[Short web captions]
+++

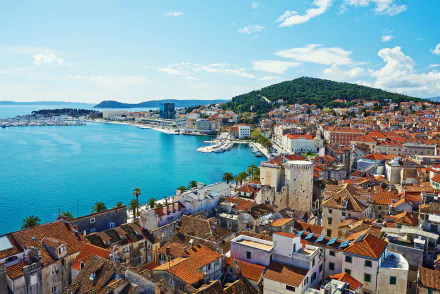 5K Ultra HD desktop wallpaper of a Croatian coastal city: terracotta-roofed houses, man-made harbor and marina on the blue sea and ocean with hills behind the town.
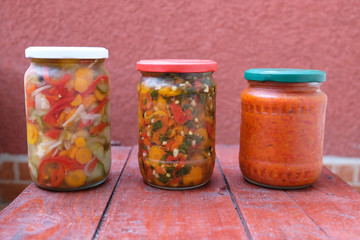 glass jars of homemade pickled vegetables 
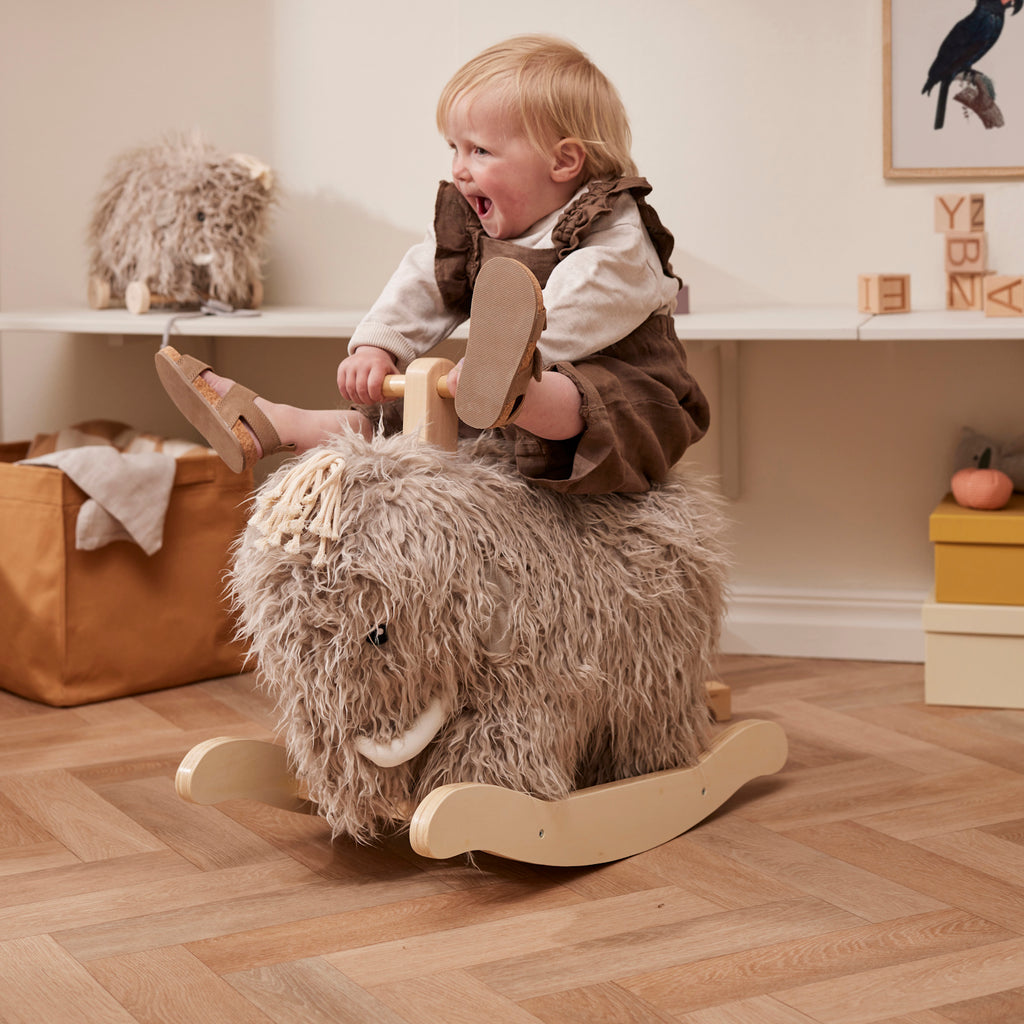 A joyful toddler rides a furry mammoth-shaped rocking toy in a cozy room. The child is laughing, exuding happiness and playfulness.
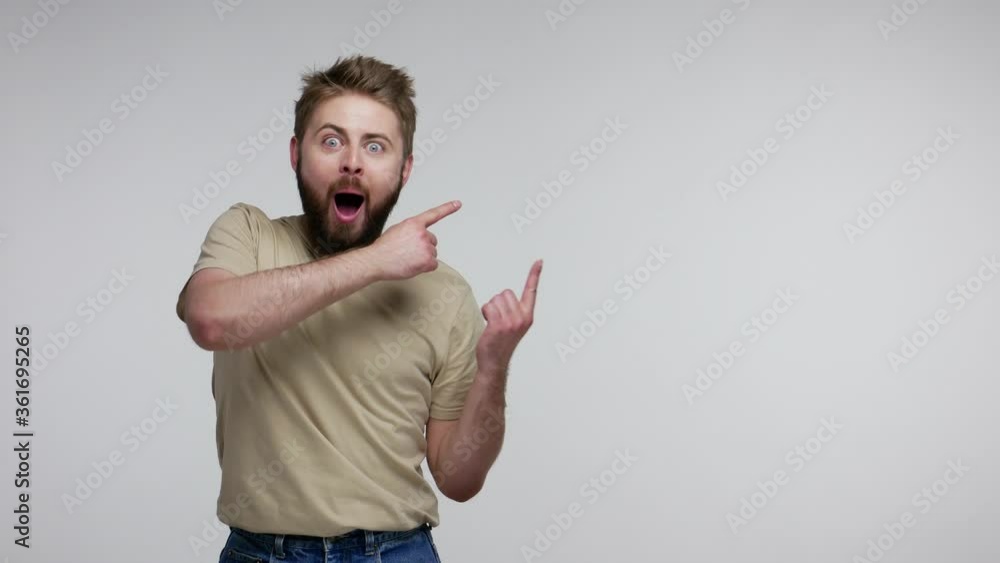 Surprised bearded guy in t-shirt pointing aside and looking with open mouth amazed shocked extremely excited, showing blank copy space for unbelievable advertise. studio shot isolated, gray background Surprised bearded guy in t-shirt pointing aside and looking with open mouth amazed shocked extremely excited, showing blank copy space for unbelievable advertise. studio shot isolated, gray background
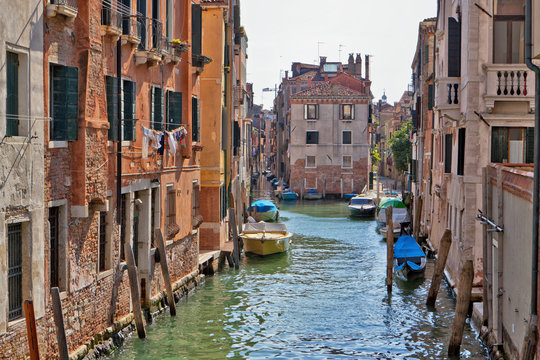 Venice canal with moored boats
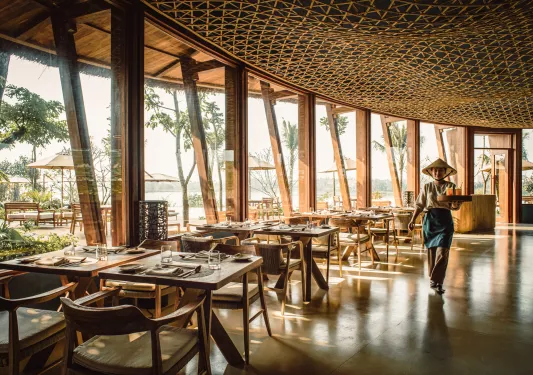 Woman wearing a straw hat, holding two drinks in a restaurant
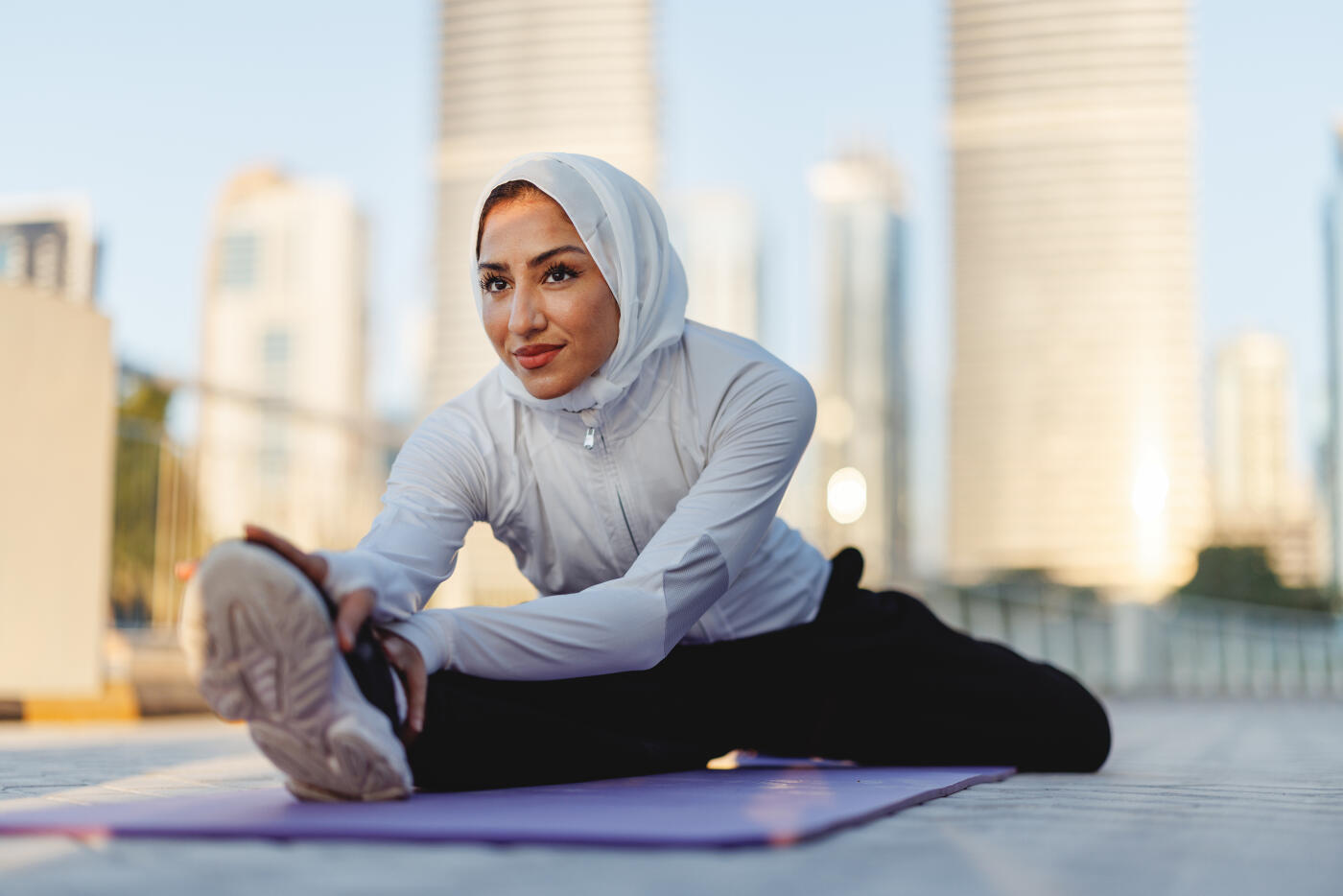A mid-adult mixed-race woman in a white hijab stretches on a yoga mat during a sunny morning in Dubai, with modern skyscrapers in the background, embodying focus and wellness.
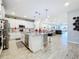Open concept kitchen with white cabinets and stainless steel appliances at 17863 Passionflower Cir, Clermont, FL 34714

+++

## PROBLEM DETAILS:
The data above holds the lines to copy: start at the one with "Venice canal with moored boats", stop at the one with "Woman wearing a", include both, copy them exactly without pictures, and copy nothing else.

## TASK RESPONSE:
 Venice canal with moored boats
 Woman wearing a straw hat, holding two drinks in a restaurant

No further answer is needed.